AFAICT there's three aspects that generally impact OCR output quality, two
of which will apply here for sure (in some way, at least), while you may
run into the third when you got 1+2 covered:

1. TABLES: page images which contain any kind of *tabular data* are best
preprocessed to extract the individual "table cell images" and feed each to
tesseract individually, then recombine the outputs to become your page's
OCR result.
2. INVERTED COLORS: tesseract has a hard time to OCR anything that has
white text on black background. The training sets are engineered from and
for "the usual", i.e. black print on white paper.
3. TEXT TOUCHING THE EDGE: tesseract output quality is negatively impacted
when there's no surroundings, i.e. no "border".

Corollary:

1. "tables" are not to be taken at their *literal*, *strict* word
definition. When you have multiple columns of text (think: newspapers,
multi-column press-ready print layouts of papers, various wide print art
layouts, etc.) that's "table" for you and the individual vertical slices
(segments) should be extracted and fed to tess individually.  When you need
a rule for this, consider this one: when you would take a knife and slice
the page into thin horizontal strips, sized one line of print each, does
that strip contain words that do belong to different parts of the text? If
yes, find ways to identify the continuous vertical chunks of text and
extract those. (Another case of "tables" is a wide margin print layout with
so-called liner notes, where comments /annotations are printed in the wide
margin. Some scholarly bible analysis publications come to mind as an
example of this. Less seen on the web, despite us all having widescreens
ideally suited for a layout style like that. :-/)
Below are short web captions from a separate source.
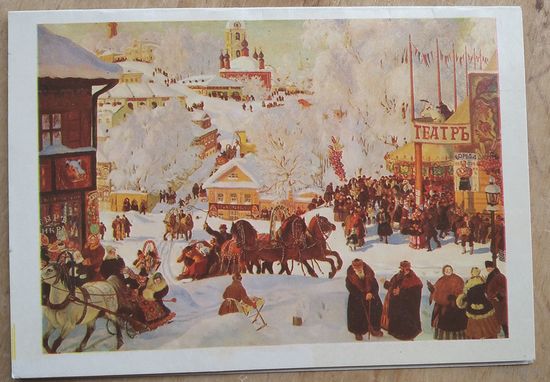Кустодиев Б. Масленница. 1971 г. Двойная. Чистая.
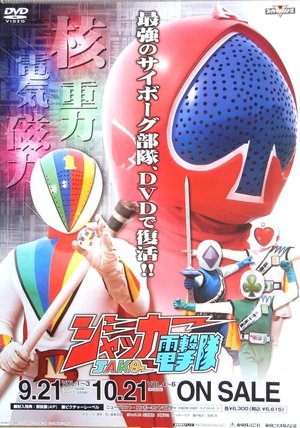 JAKQ电击队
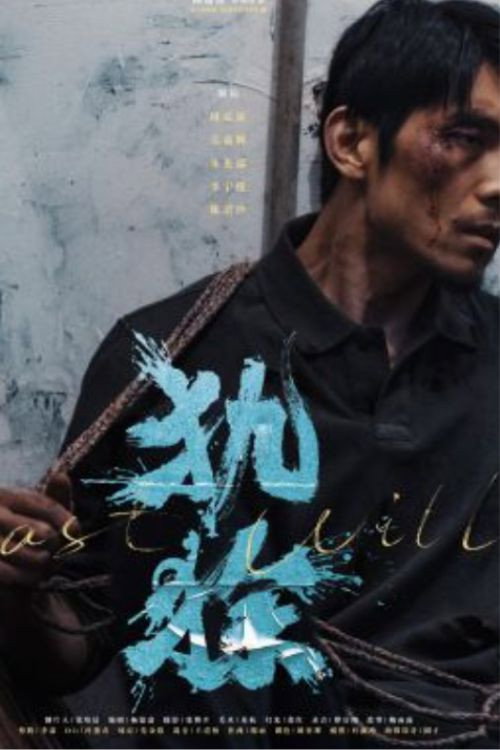 犰狳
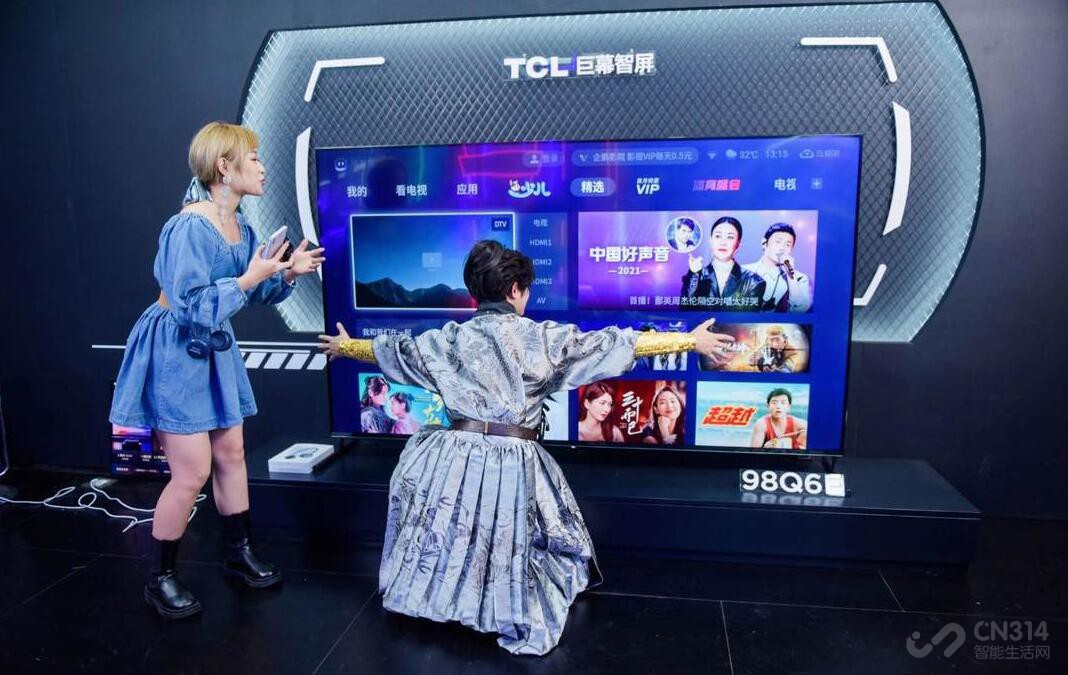 TCL双98大屏：精准布局大屏高画质市场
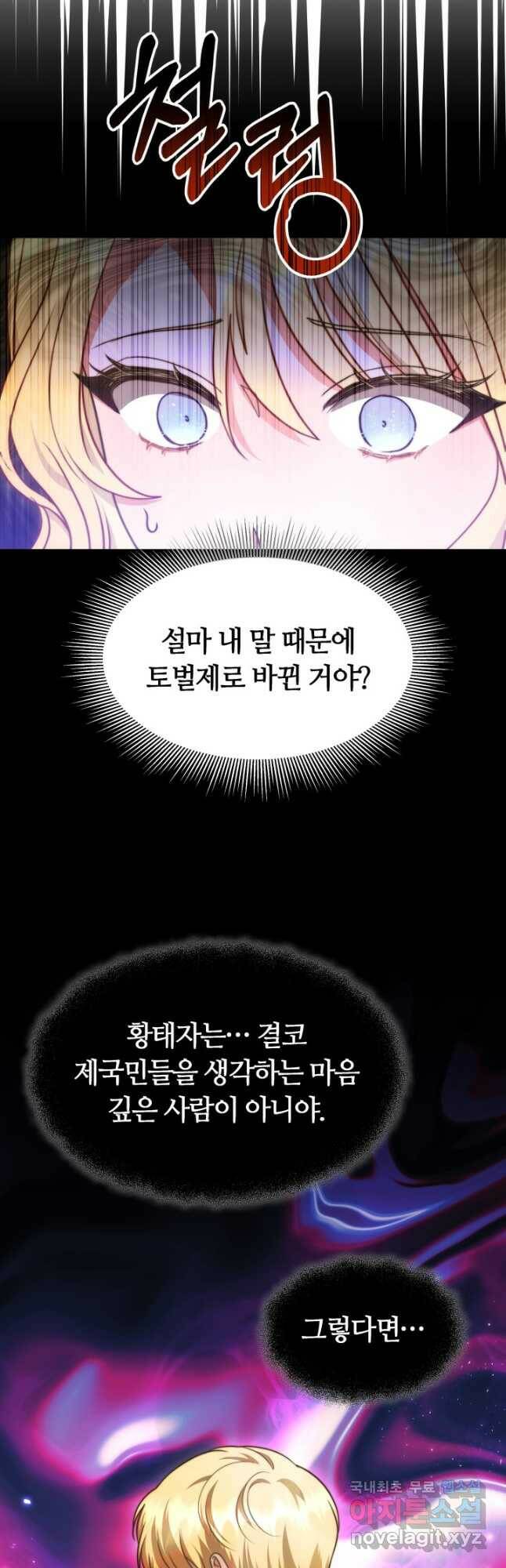 전남편이 남주가 된 것에 관하여 39화 9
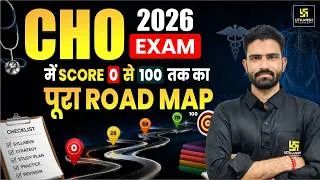 Thumbnail: CHO Exam 2026 | Score 0 से 100 तक का पूरा Roadmap | Complete Preparation Strategy #choexam2026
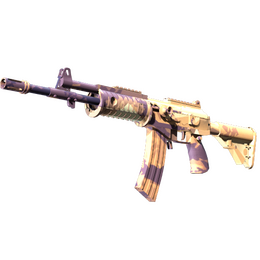 Galil AR | Sandstorm image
  Given your sample image, that's 5 "cells" I see: top chunk, bottom chunk
and three columns, one "cell" each.

2. tess is trained on black print on white background. An important bit of
image processing inside tesseract before actual OCR-ing takes place is
"thresholding" (a.k.a. "binarization") of the image. That means *anything*
that's not pure black and white is made so. (google those terms if you're
not aware of them yet). One of the problems with "binarization" is finding
a suitable cut-off point: the criterion which decides for the algorithm
which pixel is going to become *white* and which one will become *black*.

  The third (far right) "middle cell" is pure white on black, thus fatally
flawed. You can help tesseract enormously by *inverting* that bit of the
input image. (Observe this is aspect 2 for a reason: if you'ld apply that
inversion to the entire image, you would go "from drip into the rain"
(Dutch idiom) as the rest of the page would become black. ;-)  Hence
there's real benefit of slicing the page into "cells" first! (I'm
consciously trying to NOT write "sections" or "segments" here as "cells"
is, at least for me, far better at describing the mental model required
here.)

  Search this mailing list (and the internet at large) for various
approaches that would help you there; try a few and pick the one you like.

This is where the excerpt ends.